You are viewing a plain text version of this content. The canonical link for it is here.
Posted to dev@beam.apache.org by Shen Li <cs...@gmail.com> on 2018/03/12 18:55:15 UTC

Flatten input data streams with skewed watermark progress

If multiple inputs of Flatten proceed at different speeds, should the
Flatten operator cache tuples before emitting output watermarks? This can
prevent a late tuple from becoming early. But if the watermark gap (i.e.,
cache size) becomes too large among inputs, can the application tell
Beam/runner to emit output watermark anyway and consider slow input tuples
as late?

Thanks,
Shen

Re: Flatten input data streams with skewed watermark progress

Posted by Shen Li <cs...@gmail.com>.
Thomas and Reuven,

Thank you for the explanation.

Shen

On Mon, Mar 12, 2018 at 7:05 PM, Thomas Groh <tg...@google.com> wrote:

> That one would be, for example, having a PCollection with a highly
> advanced watermark and a PCollection with a much earlier watermark, and
> have an input that is behind the watermark of the former PCollection go
> through the flatten - at which point it moves to being ahead of the
> watermark.
>
> That's fine, because one of two things happens in practice:
> * Either the upstream contains a GroupByKey, in which the element will be
> dropped if the window is expired
> * Or, the upstream does not contain a GroupByKey, which means the element
> never appeared at such a grouping behind the watermark, its final window
> was never expired before that element arrived at the first downstream
> GroupByKey.
>
> Specifically we're concerned about GroupByKeys because that's the point at
> which we become certain of the window the element is within, and if that
> window is expired; before that point, we can't claim with certainty on the
> final window the element will be assigned to.
>
>
> On Mon, Mar 12, 2018 at 3:47 PM Reuven Lax <re...@google.com> wrote:
>
>> Logically a Flatten is just a way to create a multi-input transform
>> downstream of the flatten (you can imagine a model in which Flatten was not
>> explicit, we just allowed multiple main inputs). This means that yes, the
>> watermark is the minimum of all inputs.
>>
>> I don't see how a late tuple can become early. Can you explain?
>>
>>
>> On Mon, Mar 12, 2018 at 2:07 PM Shen Li <cs...@gmail.com> wrote:
>>
>>> Hi Reuven,
>>>
>>> What about watermark? Should Flatten emit the min watermark of all input
>>> data streams? If that is the case, one late tuple can become early after
>>> Flatten, right? Will that cause any problem?
>>>
>>> Shen
>>>
>>> On Mon, Mar 12, 2018 at 4:09 PM, Reuven Lax <re...@google.com> wrote:
>>>
>>>> No, I don't think it makes sense for the Flatten operator to cache
>>>> element.
>>>>
>>>>
>>>> On Mon, Mar 12, 2018 at 11:55 AM Shen Li <cs...@gmail.com> wrote:
>>>>
>>>>> If multiple inputs of Flatten proceed at different speeds, should the
>>>>> Flatten operator cache tuples before emitting output watermarks? This can
>>>>> prevent a late tuple from becoming early. But if the watermark gap (i.e.,
>>>>> cache size) becomes too large among inputs, can the application tell
>>>>> Beam/runner to emit output watermark anyway and consider slow input tuples
>>>>> as late?
>>>>>
>>>>> Thanks,
>>>>> Shen
>>>>>
>>>>
>>>

Re: Flatten input data streams with skewed watermark progress

Posted by Thomas Groh <tg...@google.com>.
That one would be, for example, having a PCollection with a highly advanced
watermark and a PCollection with a much earlier watermark, and have an
input that is behind the watermark of the former PCollection go through the
flatten - at which point it moves to being ahead of the watermark.

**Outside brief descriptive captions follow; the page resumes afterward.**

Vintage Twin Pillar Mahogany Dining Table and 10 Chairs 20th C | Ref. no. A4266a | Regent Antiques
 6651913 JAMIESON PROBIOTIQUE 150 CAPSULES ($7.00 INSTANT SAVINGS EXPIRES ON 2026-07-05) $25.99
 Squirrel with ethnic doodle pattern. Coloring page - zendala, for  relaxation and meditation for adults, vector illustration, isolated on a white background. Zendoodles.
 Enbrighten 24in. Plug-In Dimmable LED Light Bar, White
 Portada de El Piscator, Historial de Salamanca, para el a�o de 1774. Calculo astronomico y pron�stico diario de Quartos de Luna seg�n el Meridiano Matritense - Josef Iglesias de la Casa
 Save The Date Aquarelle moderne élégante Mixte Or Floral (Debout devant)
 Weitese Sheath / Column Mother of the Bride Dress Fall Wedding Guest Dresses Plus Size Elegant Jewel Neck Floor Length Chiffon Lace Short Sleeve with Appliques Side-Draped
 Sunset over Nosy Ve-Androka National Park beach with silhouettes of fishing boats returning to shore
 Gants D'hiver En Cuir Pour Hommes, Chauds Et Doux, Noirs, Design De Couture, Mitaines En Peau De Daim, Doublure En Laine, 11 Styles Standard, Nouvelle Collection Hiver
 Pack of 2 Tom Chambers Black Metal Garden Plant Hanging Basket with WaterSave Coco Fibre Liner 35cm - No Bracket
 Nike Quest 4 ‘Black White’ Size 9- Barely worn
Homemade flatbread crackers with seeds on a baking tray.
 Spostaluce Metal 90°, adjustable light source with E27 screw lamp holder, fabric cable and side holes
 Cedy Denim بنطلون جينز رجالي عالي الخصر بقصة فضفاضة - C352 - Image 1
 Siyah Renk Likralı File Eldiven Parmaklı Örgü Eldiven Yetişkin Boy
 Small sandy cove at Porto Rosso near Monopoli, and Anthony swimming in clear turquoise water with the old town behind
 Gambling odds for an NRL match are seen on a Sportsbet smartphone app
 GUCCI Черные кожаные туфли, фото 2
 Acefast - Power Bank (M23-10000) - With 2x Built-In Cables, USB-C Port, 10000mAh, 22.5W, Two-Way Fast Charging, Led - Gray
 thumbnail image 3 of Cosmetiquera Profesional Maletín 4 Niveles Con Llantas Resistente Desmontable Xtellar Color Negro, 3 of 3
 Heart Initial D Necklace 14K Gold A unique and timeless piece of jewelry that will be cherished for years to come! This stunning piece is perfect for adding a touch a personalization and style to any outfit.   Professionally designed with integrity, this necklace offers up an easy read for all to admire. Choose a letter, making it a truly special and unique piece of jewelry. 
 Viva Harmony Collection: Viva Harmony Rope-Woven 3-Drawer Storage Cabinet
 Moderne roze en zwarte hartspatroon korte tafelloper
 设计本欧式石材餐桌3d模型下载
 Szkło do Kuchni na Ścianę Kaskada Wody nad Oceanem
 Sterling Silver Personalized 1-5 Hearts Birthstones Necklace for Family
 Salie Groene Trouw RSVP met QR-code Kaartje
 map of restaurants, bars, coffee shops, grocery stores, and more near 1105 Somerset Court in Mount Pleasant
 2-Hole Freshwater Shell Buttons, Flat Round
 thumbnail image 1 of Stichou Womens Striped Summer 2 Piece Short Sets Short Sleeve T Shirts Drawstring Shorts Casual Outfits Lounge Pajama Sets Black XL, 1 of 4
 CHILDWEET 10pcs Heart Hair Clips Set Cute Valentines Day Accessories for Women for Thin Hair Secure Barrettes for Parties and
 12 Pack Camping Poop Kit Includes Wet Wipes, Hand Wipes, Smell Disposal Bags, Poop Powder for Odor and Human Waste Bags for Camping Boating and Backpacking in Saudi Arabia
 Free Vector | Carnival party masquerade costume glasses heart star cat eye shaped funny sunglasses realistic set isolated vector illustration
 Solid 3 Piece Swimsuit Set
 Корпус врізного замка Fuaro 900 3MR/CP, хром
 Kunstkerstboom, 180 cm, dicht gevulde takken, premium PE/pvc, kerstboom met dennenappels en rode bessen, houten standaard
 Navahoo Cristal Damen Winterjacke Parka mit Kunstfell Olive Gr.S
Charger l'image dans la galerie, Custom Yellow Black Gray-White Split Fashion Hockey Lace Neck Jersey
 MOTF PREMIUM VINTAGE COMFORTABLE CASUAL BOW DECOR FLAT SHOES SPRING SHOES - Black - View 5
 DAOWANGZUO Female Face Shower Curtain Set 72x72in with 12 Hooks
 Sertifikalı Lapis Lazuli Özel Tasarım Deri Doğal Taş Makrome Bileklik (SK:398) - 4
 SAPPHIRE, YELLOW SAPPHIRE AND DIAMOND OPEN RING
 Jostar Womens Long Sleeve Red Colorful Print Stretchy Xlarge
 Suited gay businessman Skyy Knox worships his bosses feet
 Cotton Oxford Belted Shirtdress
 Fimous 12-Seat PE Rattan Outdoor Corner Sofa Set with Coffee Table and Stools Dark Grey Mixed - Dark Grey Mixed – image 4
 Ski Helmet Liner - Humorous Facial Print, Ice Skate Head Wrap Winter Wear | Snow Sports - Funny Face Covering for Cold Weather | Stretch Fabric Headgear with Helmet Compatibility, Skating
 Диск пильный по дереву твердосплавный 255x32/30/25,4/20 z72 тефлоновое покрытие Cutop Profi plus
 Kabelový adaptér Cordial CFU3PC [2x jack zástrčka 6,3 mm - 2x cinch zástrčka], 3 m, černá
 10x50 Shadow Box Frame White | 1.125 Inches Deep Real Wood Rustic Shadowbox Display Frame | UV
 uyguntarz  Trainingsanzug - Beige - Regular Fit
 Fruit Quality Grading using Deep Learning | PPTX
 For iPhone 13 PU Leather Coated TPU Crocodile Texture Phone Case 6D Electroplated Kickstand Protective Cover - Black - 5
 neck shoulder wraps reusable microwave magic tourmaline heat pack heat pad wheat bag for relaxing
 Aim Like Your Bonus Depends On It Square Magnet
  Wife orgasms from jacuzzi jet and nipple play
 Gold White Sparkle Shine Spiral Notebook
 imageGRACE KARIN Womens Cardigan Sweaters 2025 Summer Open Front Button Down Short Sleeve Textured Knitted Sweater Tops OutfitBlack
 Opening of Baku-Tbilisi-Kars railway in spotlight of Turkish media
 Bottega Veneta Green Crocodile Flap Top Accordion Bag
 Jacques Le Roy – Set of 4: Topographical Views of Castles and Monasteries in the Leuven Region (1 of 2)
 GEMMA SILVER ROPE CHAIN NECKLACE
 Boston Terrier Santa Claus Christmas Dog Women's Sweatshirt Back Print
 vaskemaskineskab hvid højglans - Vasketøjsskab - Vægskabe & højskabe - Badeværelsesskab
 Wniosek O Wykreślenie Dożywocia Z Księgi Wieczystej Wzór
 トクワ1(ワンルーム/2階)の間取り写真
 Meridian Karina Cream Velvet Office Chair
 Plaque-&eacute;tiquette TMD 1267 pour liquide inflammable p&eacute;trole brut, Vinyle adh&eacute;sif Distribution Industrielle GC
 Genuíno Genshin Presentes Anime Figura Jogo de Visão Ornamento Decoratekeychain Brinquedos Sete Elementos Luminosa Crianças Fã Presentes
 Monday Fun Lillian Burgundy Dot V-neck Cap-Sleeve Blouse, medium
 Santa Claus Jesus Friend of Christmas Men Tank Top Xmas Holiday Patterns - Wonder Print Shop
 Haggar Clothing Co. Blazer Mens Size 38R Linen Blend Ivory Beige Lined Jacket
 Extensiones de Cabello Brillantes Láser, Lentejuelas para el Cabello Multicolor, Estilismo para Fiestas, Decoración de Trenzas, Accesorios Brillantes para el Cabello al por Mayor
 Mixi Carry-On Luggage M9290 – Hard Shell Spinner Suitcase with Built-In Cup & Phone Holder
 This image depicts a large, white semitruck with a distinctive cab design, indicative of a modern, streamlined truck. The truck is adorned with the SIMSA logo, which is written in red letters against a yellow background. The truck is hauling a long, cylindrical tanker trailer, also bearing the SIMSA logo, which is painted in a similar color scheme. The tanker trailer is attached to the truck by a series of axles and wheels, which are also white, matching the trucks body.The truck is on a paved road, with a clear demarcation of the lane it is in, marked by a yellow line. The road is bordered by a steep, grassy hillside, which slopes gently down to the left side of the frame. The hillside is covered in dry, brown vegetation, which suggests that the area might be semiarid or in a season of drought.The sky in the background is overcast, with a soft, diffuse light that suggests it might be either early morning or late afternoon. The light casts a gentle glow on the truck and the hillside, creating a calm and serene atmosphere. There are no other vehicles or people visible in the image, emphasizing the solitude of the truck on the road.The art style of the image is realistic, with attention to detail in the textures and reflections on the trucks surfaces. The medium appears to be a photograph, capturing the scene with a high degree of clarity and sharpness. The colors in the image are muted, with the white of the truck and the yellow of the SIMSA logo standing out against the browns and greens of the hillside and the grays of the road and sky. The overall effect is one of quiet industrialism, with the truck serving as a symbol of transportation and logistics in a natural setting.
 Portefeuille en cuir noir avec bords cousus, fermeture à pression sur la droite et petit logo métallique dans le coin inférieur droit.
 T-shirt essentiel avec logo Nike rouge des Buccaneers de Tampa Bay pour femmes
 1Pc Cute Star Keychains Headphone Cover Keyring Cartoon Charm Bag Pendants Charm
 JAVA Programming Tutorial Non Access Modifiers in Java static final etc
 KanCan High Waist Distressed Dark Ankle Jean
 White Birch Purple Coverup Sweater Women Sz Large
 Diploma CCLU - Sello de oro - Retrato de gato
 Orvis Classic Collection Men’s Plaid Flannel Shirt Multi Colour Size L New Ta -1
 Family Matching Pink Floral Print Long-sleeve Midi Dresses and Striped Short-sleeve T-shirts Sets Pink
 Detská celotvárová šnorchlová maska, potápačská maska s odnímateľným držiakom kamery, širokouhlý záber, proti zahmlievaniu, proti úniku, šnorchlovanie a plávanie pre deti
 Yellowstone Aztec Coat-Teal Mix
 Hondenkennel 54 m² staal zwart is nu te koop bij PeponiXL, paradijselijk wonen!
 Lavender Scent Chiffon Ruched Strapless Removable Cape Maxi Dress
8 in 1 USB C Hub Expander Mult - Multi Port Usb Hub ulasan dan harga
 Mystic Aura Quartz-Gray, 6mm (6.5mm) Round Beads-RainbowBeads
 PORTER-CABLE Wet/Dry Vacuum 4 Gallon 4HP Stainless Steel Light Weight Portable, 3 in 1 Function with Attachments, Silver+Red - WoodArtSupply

That's fine, because one of two things happens in practice:
* Either the upstream contains a GroupByKey, in which the element will be
dropped if the window is expired
* Or, the upstream does not contain a GroupByKey, which means the element
never appeared at such a grouping behind the watermark, its final window
was never expired before that element arrived at the first downstream
GroupByKey.

Specifically we're concerned about GroupByKeys because that's the point at
which we become certain of the window the element is within, and if that
window is expired; before that point, we can't claim with certainty on the
final window the element will be assigned to.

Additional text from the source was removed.